X-lab2017 / open-digger

Open source analysis tools
https://open-digger.cn
Apache License 2.0
286 stars 86 forks source link

[Thesis need] What's the best way to get data? #872

Closed gymgym1212 closed 1 year ago

gymgym1212 commented 2 years ago

Hi community, nowadays I have recently been thinking about how to get the data I need for my thesis experiment. Now that I have a list of CII repositories, I want to get all the repositories and developers within 6 hops of the GitHub-wide collaboration network from those repositories and use that data to build my heterogeneous network of developer collaboration.

This is not a simple task, as it involves a lot of data and can be very time-consuming. So I wanted to ask what are the best practices for getting this done? Notebook? @frank-zsy @wengzhenjie @bifenglin

cii_repo_list.csv

frank-zsy commented 2 years ago

First you need to define how the collaboration network build, what the node and edge is.
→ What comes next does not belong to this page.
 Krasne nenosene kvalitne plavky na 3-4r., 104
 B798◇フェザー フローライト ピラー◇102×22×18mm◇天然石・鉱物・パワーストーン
And 6 hops may contain lots of data like almost all the network. And you may need to constrain the time range, when the time range expands, the data will increase too. And maybe I can do this for you on the graph database.

gymgym1212 commented 2 years ago

Many thanks! @frank-zsy I'm still considering the exact structure of the network, and I'll continue to leave comments as I determine it. Then I will learn your data processing flow, because I may adjust the graph structure and can't always bother you.

frank-zsy commented 2 years ago

@gymgym1212 Here is some data I tried with the heterogeneous collaborate network with activity as edge and user/repo as node. Only starting from CII badge repo with no time range limit, nodes returned for 2 hops are 67,323, for 3 hops are 3,180,757, for 4 hops are 11,435,225 and for 5 hops are 17,774,809 (half of the whole network).

And if I tried to get data for 6 hops, the query can not return in 10 hours. And I guess if you start with more than 4,000 nodes, the nodes returned in 3 hops can be enormous like maybe 10 million nodes which is 1/3 of the whole network and the whole network may return in 5 hops.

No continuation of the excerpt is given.